While I may not be entirely of the same opinion, I am strongly in support of community/people led environmental action. I believe that all people have the inherent ability to do good for others and for themselves by default. However, while most people may want to play a part in ensuring that our planet continues to sustain life for our generation and generations to come, our biggest challenge is the lack of a clear appreciation of what needs to be done and how. Furthermore, we may not have the financial resources necessary, hence the continued involvement of the corporate world in the environmental, livelihoods and humanitarian sectors. I have nothing against companies making a profit (profit is why companies are set up anyway) while contributing to the health of the planet and the improvement of people’s lives. They simply need to find better ways of striking a balance between profit and the planet’s well being.
Despite financial challenges, I am convinced that a lack of money does not excuse us from taking action against the widespread human induced damage to our planet and threat to the lives of people especially the poor. I will demonstrate how ordinary people can take a lead in “saving our planet” despite a lack of disposable income in forthcoming posts. Currently, I would like to shed more light on where our planet’s vulnerability to our actions lie so as to improve our understanding of what threats the planet is under and what we can do to tackle the matter.

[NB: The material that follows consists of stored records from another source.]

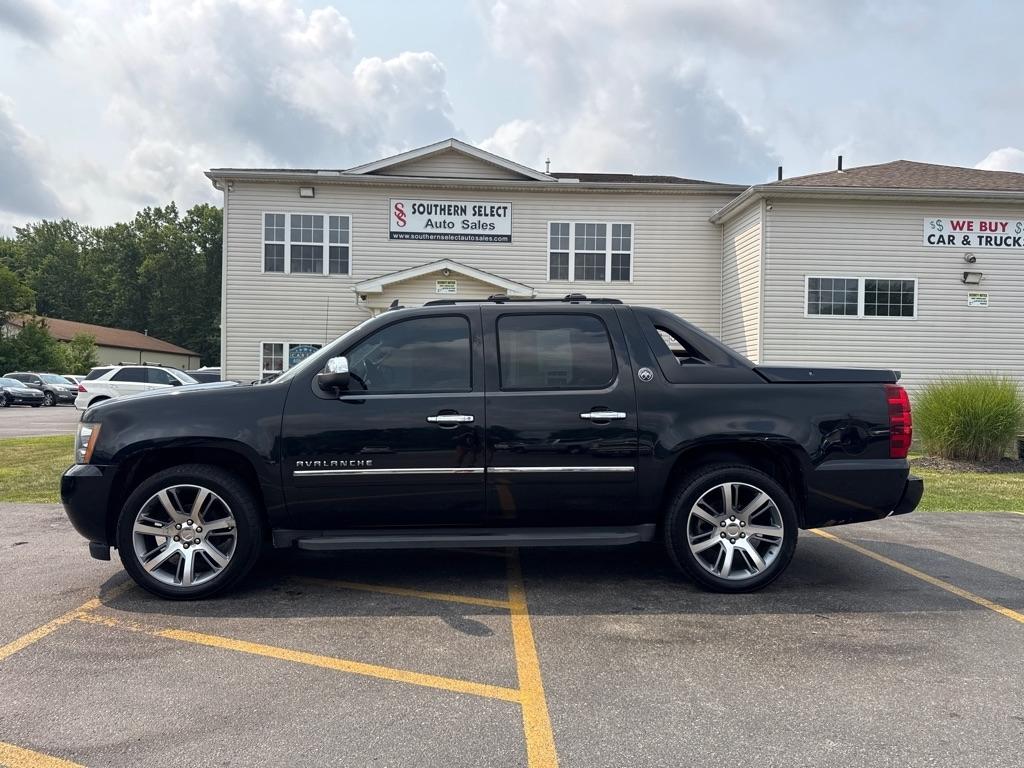 2013 Chevrolet Avalanche LTZ BLACK DIAMOND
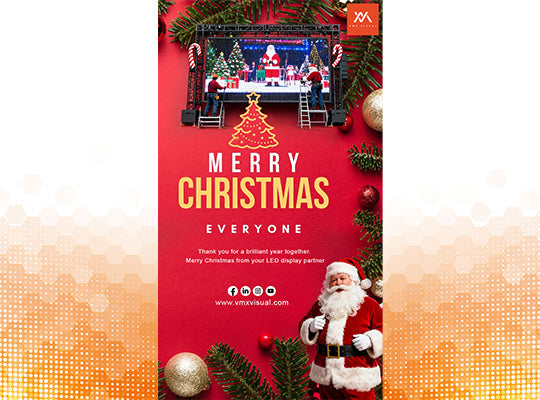 Christmas Greetings from VMX Visual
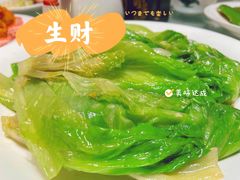 蒜蓉炒生菜-粥旺庄(芳村店)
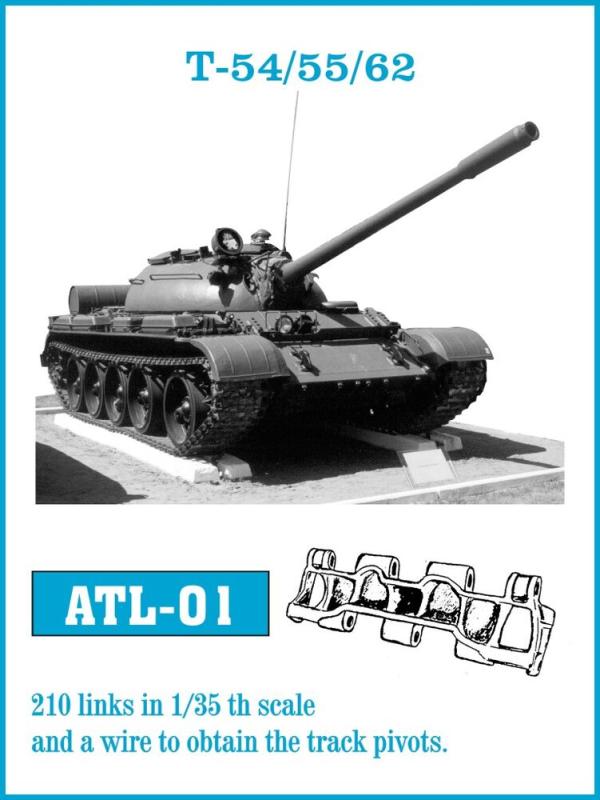 T 54/55/62 von Friulmodel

Our land on the other hand is just as important. The land is where life comes from. Plants and animals which are all necessary for our survival live and grow on the land. The majority of people in low income countries (where most of the world’s poor are found) depend almost entirely on the land to produce food. In Zimbabwe, 70% of the population is estimated to make a living directly or indirectly from the land. For those who work in the manufacturing industry, the majority of our products use plants or crops grown from the land as raw material. Entire economies are sustained by the land. Therefore, we all draw our livelihoods one way or the other from the land
Water is an indispensible component of our lives. For starters, for the normal day to day functioning of our bodies, we need water. No human being can survive for more than 12 days without water. The crops that we grow for food would also not survive without water. Our economies also depend on water. Water is life, every drop counts.
The air, land and the water form an interlocked system which works collectively to sustain all forms of life on the planet. If any significant changes or alterations are made to this system, it affects life on earth as well. For example, the release of a variety of gases into the atmosphere through burning of fossil fuels (oil, coal etc) in industries or day to day energy generation alters the composition of our air and the system. These gases stay in the atmosphere for long periods in so doing accumulating over time. This increases the atmosphere’s ability to trap warmth released by the earth thereby escalating the greenhouse effect and making our planet warmer (global warming). This increased warming has a ripple effect on the rest of the air, land and water system. Climate change is the result of this ripple effect. The climate becomes chaotic and unpredictable resulting in increased incidences of severe weather like droughts, floods and cyclones thereby threatening life on earth. Seasons begin to change. Rainfall begins to vary in terms of quantity and timing thereby making it increasingly difficult to produce enough food for everyone.
This description of where our planet’s vulnerability lies doesn’t even begin to scratch the surface of our planet’s defenselessness to our activities. These will be covered in great detail later. However, I hope this improves our appreciation of where the challenges the planet is experiencing lie and open our minds up to discussions into the kind of action we can begin to take to protect and preserve our planet and our lives.
Our indifference will reproduce poverty and underdevelopment. Let’s help improve our planet’s ability to sustain life by restoring the major components of the life supporting system; air, land and water.